If you find a security issue in AURA itself (e.g. a flaw that lets a malicious target exploit the scanner, a dependency vulnerability, credential leakage, SSRF in endpoint discovery, etc.):
- Do not open a public GitHub issue.
- Preferably use GitHub's private vulnerability reporting for this repository.
- Or email security@yourdomain.com (replace with a real monitored address before publishing this file).
Please include:
- A description of the issue and its potential impact
- Steps to reproduce, or a minimal proof of concept
- The AURA version/commit affected (
aura --version)
We aim to acknowledge new reports within 5 business days and to provide a fix or mitigation timeline once the report is triaged. Please give us a reasonable window to patch before any public disclosure.
AURA actively probes endpoints with alternate object IDs and credentials. Used against systems you don't own or don't have explicit permission to test, this is unauthorized access and may be illegal in your jurisdiction (e.g. under the U.S. CFAA, UK Computer Misuse Act, or equivalent local law).
By using AURA you agree that you will:
- Only scan systems you own, or have explicit written authorization to test (e.g. a signed pentest agreement or a bug bounty program's published scope).
- Respect each target's bug bounty scope and rules of engagement, including rate limits.

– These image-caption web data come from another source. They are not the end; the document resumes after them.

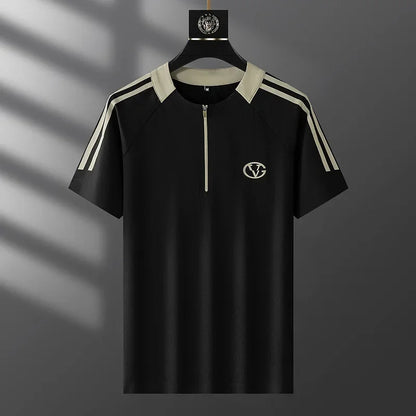The Vicente Athletic T- Shirt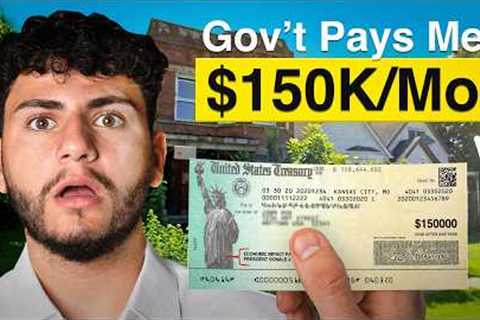 How To Invest In Section 8 Housing With $0 (Step-By-Step)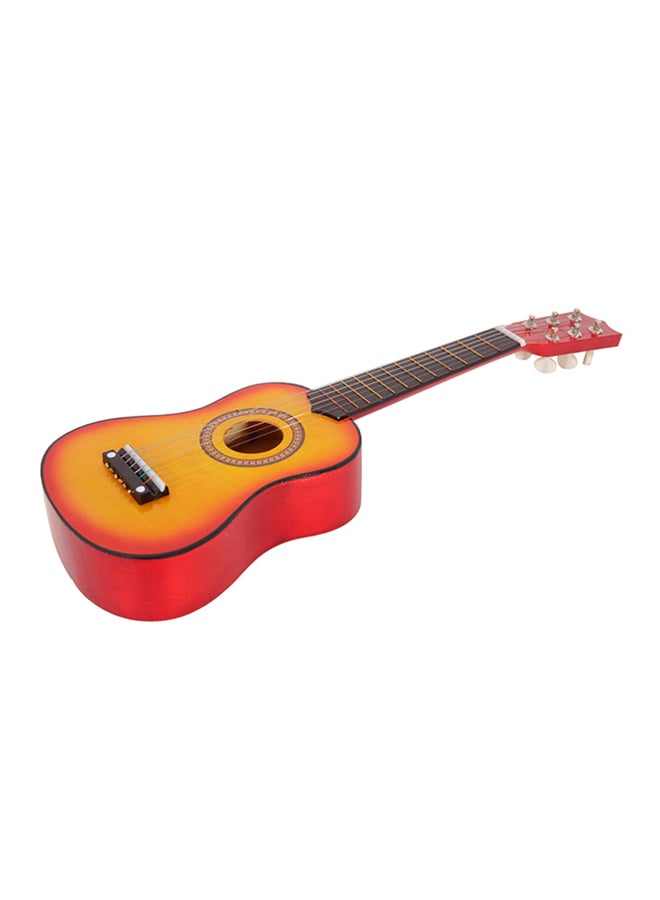 Well Play Toy Guitar  - Image 4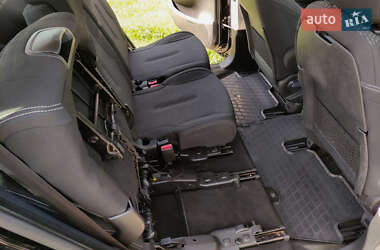 Мінівен Citroen Grand C4 Picasso 2011 в 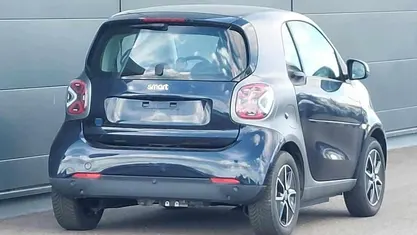 Usado Smart ForTwo Electric Drive 60 kW (82 HP) 2023 Coupé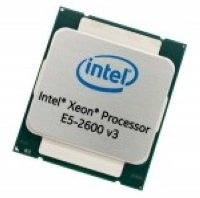 HP  Bl460C Gen9 E5-2660V3 25Mb 10 2.6 Kit (726990-B21)
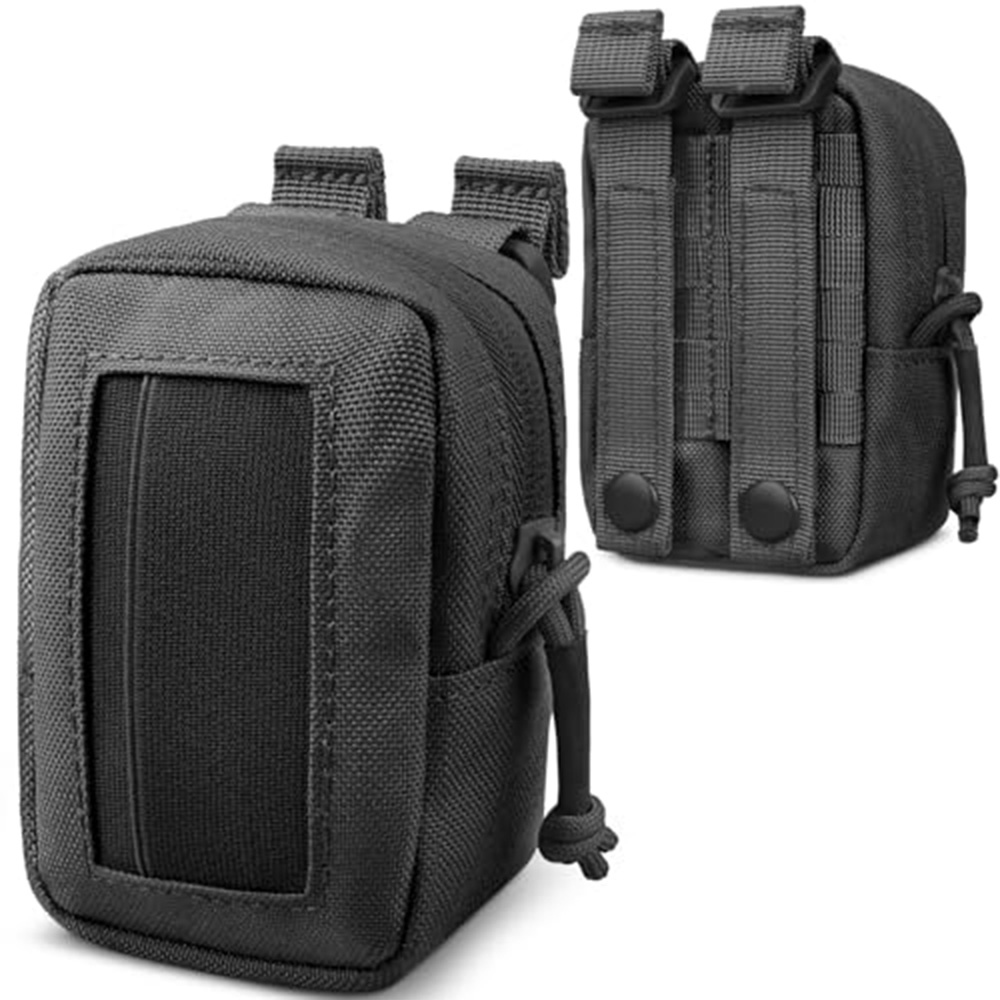 Disposable Glove Pouch MOLLE N - Tech Accessories Pouch のレビューと価格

- Not use AURA to access, exfiltrate, or retain data beyond what is required to demonstrate a finding.
- Disclose any vulnerabilities found through the target's official disclosure channel, not publicly, until they've had a chance to remediate.
The maintainers of AURA accept no liability for misuse of this tool. It is provided for legitimate security research, bug bounty hunting, and authorized penetration testing only.